Hi!
I hope all of you and your loved ones are doing well, while we are all working remotely during the covid era.
I am trying to find somatic mutations for WES in mm10 using strelka2 by the following command (as suggested in their github):
$configureStrelkaSomaticWorkflow.py --normalBam /Dir_to_normal_bam/My_final_normal.bam --tumorBam /Dir_to_tumor/My_final_tumor.bam --referenceFasta /Dir_to_mm10/mm10.fa --runDir demo_somatic --exome
It keeps complaining with the following err:
CONFIGURATION ERROR:
Reference genome mismatch: Reference fasta file is missing a chromosome found in the normal BAM/CRAM file: 'chr1_GL456210_random'
Needless to say, I have already sorted
, re-indexed
, extracted only known chromosomes into new bam files
, and indexed the new bam files
using samtools
for normal and tumor bam files, using the following snippet:
samtools sort my_normal_bam.bam -o sorted_my_normal_bam.bam && samtools index sorted_my_normal_bam.bam && samtools view -o My_final_normal.bam sorted_my_normal_bam.bam `seq 1 19 | sed 's/^/chr/' && echo X | sed 's/^/chr/' && echo Y | sed 's/^/chr/'`
Any suggestion / comments would be highly appreciated
You got it! Extremely helpful hint! thank you! I checked the bam header and all of those unknown chrs are there.

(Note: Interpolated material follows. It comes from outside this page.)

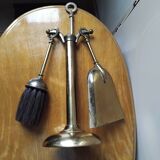 Small and discreet brass fireplace tool set.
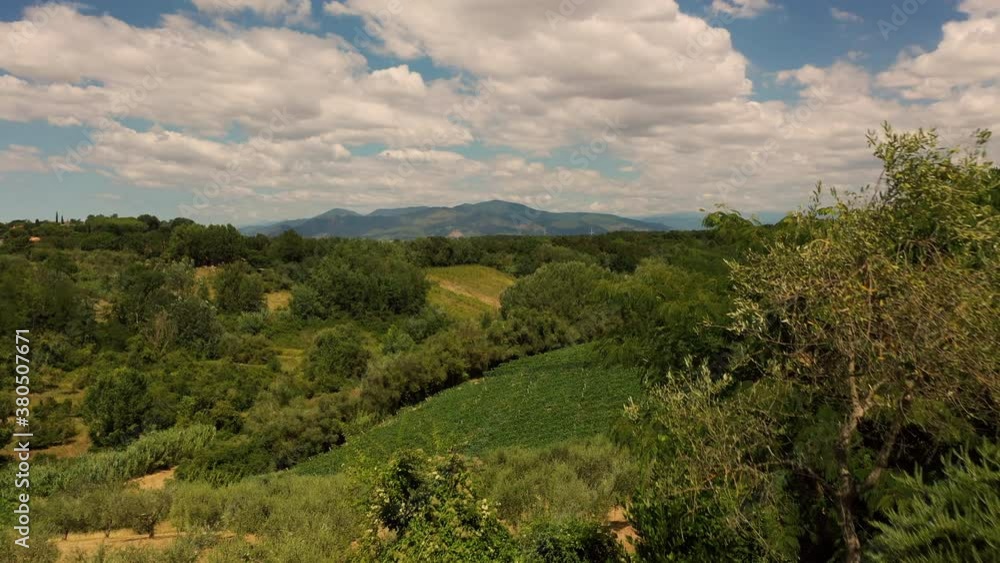 Aerial view of young male adult relaxing swimming pool panoramic scene in tuscany italy shot in 4k Aerial view of young male adult relaxing swimming pool panoramic scene in tuscany italy shot in 4k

The only way I can think to get rid of the unknown/random chr in the header, is to:
sed -i '/^\@SQ.*\_/d' my_sam_file.sam
)This is tedious though. do you have any suggestion?
Thank you so much!
Or try the method described in : C: How to change a BAM file so the chromosome identifier is "chr 1" not just "1" or How to change SM tag in bam file
I did not know about the
samtools reheader
. this was very helpful!thank you so much!